Introduction
To address the problem, we used the Yelp dataset.
Yelp is a crowd-sourced local business review and social networking site. The site has pages devoted to individual locations, such as restaurants or schools, where Yelp users can submit a review of their products or services using a 1 to 5 stars rating system. These reviews and ratings help other Yelp users to evaluate a business or a service and make a choice.
While reviews add more detail, it is not possible or feasible to read each and every review to find out whether people liked the service or not. Our aim is to find out meaningful information to better understand the data in a time saving and cost-effective way. We will try to find out whether the reviews were positive or negative in order to find out how the businesses are being perceived among people.
Why focus on the reviews when we have the ratings? It is true that users generally go by the rating of the services provided by other users. But the ratings don’t help in determining what is good about one business than the other, it is the ratings that answer questions like ‘How is the ambience of a restaurant?’, ‘What is the best dish a restaurant serves’, ‘how is the customer care of a service?’ etc. To sum it up, ratings don’t provide much detail about anything other than the popularity of a business.
One more thing to consider is the fact that ratings can be fake as it hardly takes any time to rate a service. On the other hand, we can assume that reviews are a more genuine source of information as it takes some efforts from the end user of the service giving it more validation.
Since the reviews are more trustworthy source of information, they play a vital role in determining the popularity of a business. While searching for services, customers tend to look for reviews. Thus, a business should be aware of what kind of reviews (positive or negative) are being written about them. To get an insight of these emotions (positive or negative) from the review, we built a BERT model to perform sentiment analysis using the reviews on Yelp. We chose BERT as it is bidirectional and can read the entire sequence of words at once. This characteristic allows the model to learn the context of a word based on all of its surroundings (left and right of the word). The model would assess the review and let us know whether the reviews are positive or negative. The two predicted classes can then be easily visualised and it would help us to better understand the user’s emotions at one glance.
BERT model:
BERT stands for Bidirectional Representation for Transformers, was proposed by researchers at Google AI language in 2018. Although the main aim of that was to improve the understanding of the meaning of queries related to Google Search, BERT became one of the most important and complete architecture for various natural language tasks having generated state-of-the-art results on Sentence pair classification task, question-answer task, etc.
How BERT works
BERT makes use of Transformer, an attention mechanism that learns contextual relations between words (or sub-words) in a text. In its vanilla form, Transformer includes two separate mechanisms — an encoder that reads the text input and a decoder that produces a prediction for the task. Since BERT’s goal is to generate a language model, only the encoder mechanism is necessary. The detailed workings of Transformer are described in a paper by Google.

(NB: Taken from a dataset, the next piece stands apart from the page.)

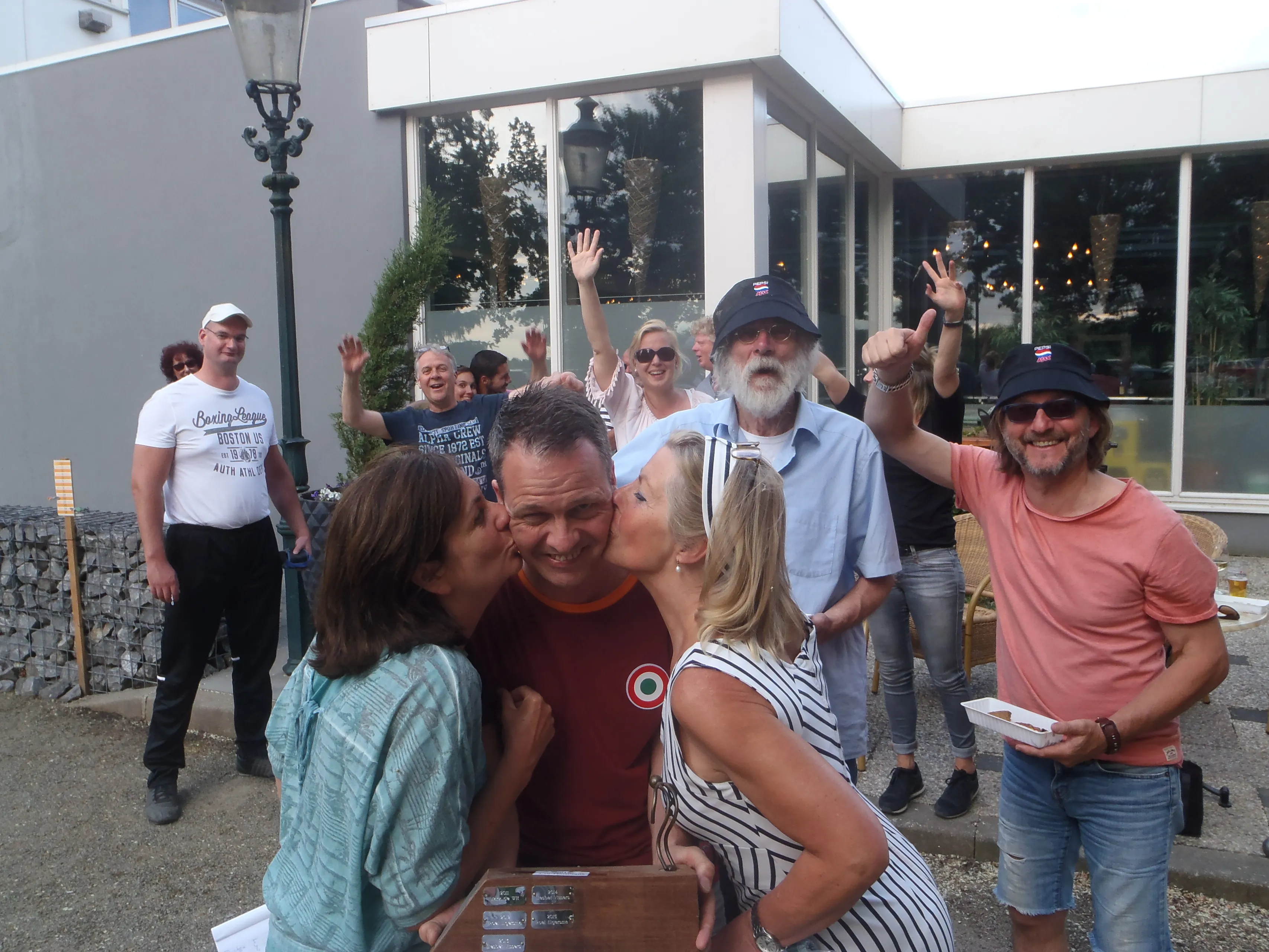 pieter van geel ondergaat gedwee het winnaars ceremonieel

As opposed to directional models, which read the text input sequentially (left-to-right or right-to-left), the Transformer encoder reads the entire sequence of words at once. Therefore, it is considered bidirectional, though it would be more accurate to say that it’s non-directional. This characteristic allows the model to learn the context of a word based on all of its surroundings (left and right of the word).
BERT is proposed in two versions:
· BERT (BASE): 12 layers of encoder stack with 12 bidirectional self-attention heads and 768 hidden units.
· BERT (LARGE): 24 layers of encoder stack with 24 bidirectional self-attention heads and 1024 hidden units.
For TensorFlow implementation, Google has provided two versions of both the BERT BASE and BERT LARGE: Uncased and Cased. In an uncased version, letters are lowercased before WordPiece tokenization
The steps to build the model are in accordance with the CRISP methodology.
Data Collection:
Dataset used: lite version of the Yelp review dataset.
The dataset was collected from Kaggle datasets. The dataset is already classified, the reviews are divided into two classes: 1 (negative) and 2 (positive). The original data has 560000 instances. Since the dataset is huge, we will only use 2000 instances having the same distribution as the dataset in order to reduce the training time of the model. Training a big dataset could take a large amount of time ranging from a few hours to a few days. class distribution: 1 (negative): 1000 instances 2 (positive): 1000 instances
Implementation
#Install transform libraries
!pip install transformers
import numpy as np
import pandas as pd
import torch
import torch.nn as nn
from sklearn.model_selection import train_test_split
from sklearn.metrics import classification_report
import transformers
from transformers import AutoModel, BertTokenizerFast
# specify GPU
device = torch.device("cuda")
Mount Drive to read data
from google.colab import drive
drive.mount('/content/drive')
Read Data
loc = '/content/drive/My Drive/yelp/raw_train.csv'
import pandas as pd
d= pd.read_csv(loc,header=None)
d.head()
Output:
Assign Label To Dataset
d.columns = ['label','text']
d = d.iloc[:1000,:]
d.to_csv('/content/drive/My Drive/yelp/dummy.csv')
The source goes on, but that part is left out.